Candi Muarojambi Harus Jadi Warisan Budaya Dunia

Candi MuarojambiKhatulistiwa Hijau, Wakil Menteri Pendidikan dan Kebudayaan Bidang Kebudayaan Wiendu Nuryanti mengaku prihatin karena Candi Muarojambi justru lebih dikagumi orang di luar Indonesia. Untuk itulah, pemerintah sekarang memberikan perhatian lebih besar terhadap pengembangan Candi Muarojambi, baik pengembangan secara fisik maupun secara kajian sejarahnya.

“Bukti nyata Kementerian Pendidikan dan Kebudayaan RI kini tengah membuat buku yang memuat tentang Candi Muarojambi, dengan judul The Lost Kingdom in Sumatera, diperkirakan akan rampung akhir 2013,” kata Wiendu saat berkunjung ke Jambi dalam rangka Lawatan Sejarah Nasional (Lasenas) X Tahun 2012 , Selasa, 9 Oktober 2012.

Menurut Wiendu, untuk mencapai upaya tersebut, harus ada upaya sinergis antara pemerintah pusat maupun pemerintah daerah (Provinsi Jambi dan Kabupaten Muarojambi) serta seluruh pihak terkait.

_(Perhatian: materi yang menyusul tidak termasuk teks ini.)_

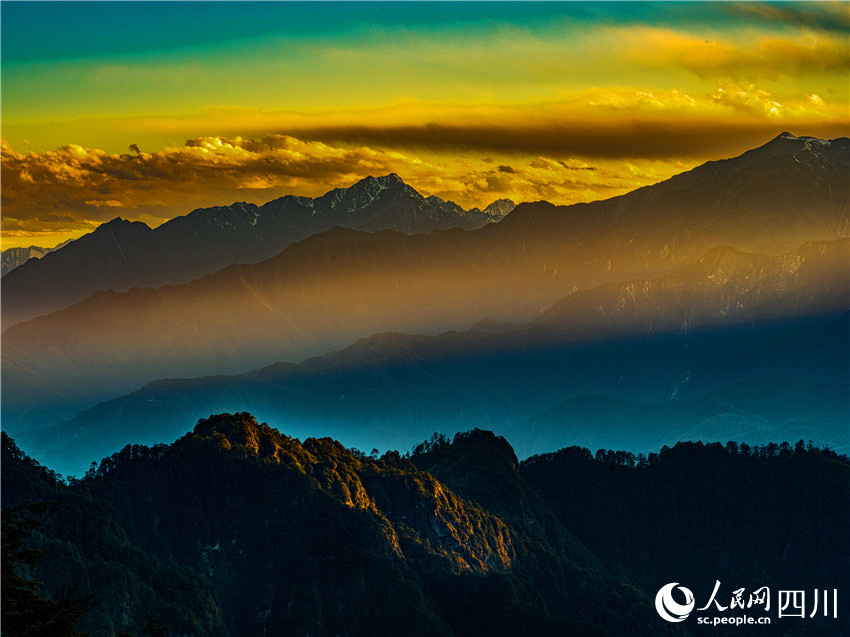 祥云流動景萬千。周萬龍攝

Wiendu mencontohkan, Subak dengan pengairan dan teras-teras sawah, yang ada di lima kabupaten di Bali, kini telah menjadi warisan budaya dunia setelah diperjuangkan dalam waktu 12 tahun. “Mudah-mudahan Candi Muarojambi bisa menjadi warisan budaya dunia tanpa harus menunggu sampai 12 tahun,” katanya.

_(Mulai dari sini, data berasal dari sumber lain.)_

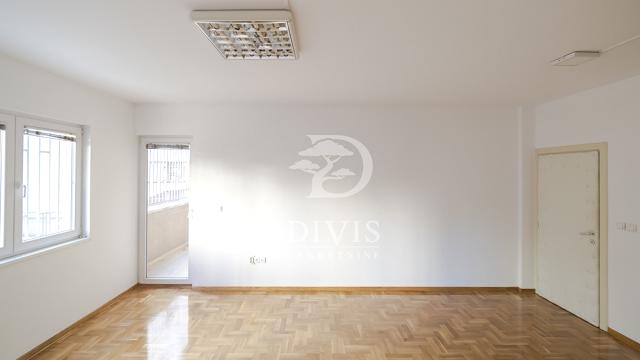 Stan, Dvosoban, Prodaja, 52m2, Bilećka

“Keuntungan ekonomi yang didapat dengan ditetapkannya suatu benda atau cagar budaya menjadi warisan budaya dunia sangat besar. Contohnya, revenue diperoleh dari batik setelah ditetapkan menjadi warisan budaya dunia mencapai Rp 1,5 triliun atau meningkat sampai 300 persen,” katanya.

Manfaat lain dari warisan budaya dunia, yaitu manfaat dari segi ekonomi, kebanggaan, citra positif, dan serapan tenaga kerja. Makanya, negara-negara di dunia berlomba-lomba untuk memperoleh warisan budaya dunia tersebut.

Di samping itu, dikatakan Wiendu, manfaat yang bisa diperoleh dari warisan budaya dunia adalah kepemilikan menjadi kepemilikan dunia. Dengan demikian, melekatlah sistem monitoring, evaluasi, pengembangan, dan evaluasi cagar budaya pada dunia, dalam hal ini UNESCO.

Menurut Wiendu, tahun ini, Kementerian Pendidikan dan Kebudayaan mengalokasikan dana senilai Rp 12,5 miliar untuk  pengembangan Candi Muarojambi. Jumlah ini sangat besar karena tahun-tahun sebelumnya hanya berkisar Rp 1 sampai Rp 1,2 miliar.

Dipilihnya Provinsi Jambi sebagai tempat Lawatan Sejarah Nasional adalah atas pertimbangan bahwa Provinsi Jambi memiliki banyak tapak-tapak sejarah mulai zaman kerajaan Buddha hingga zaman perjuangan kemerdekaan.

Gubernur Jambi Hasan Basri Agus menyambut baik upaya pemerintah pusat untuk menjadikan Candi Muorojambi sebagai warisan budaya dunia. Kalau hal itu terwujud, katanya, nantinya Candi Muorojambi dapat memperkenalkan Jambi ke tingkat nasional maupun internasional. Syaipul Bakhori.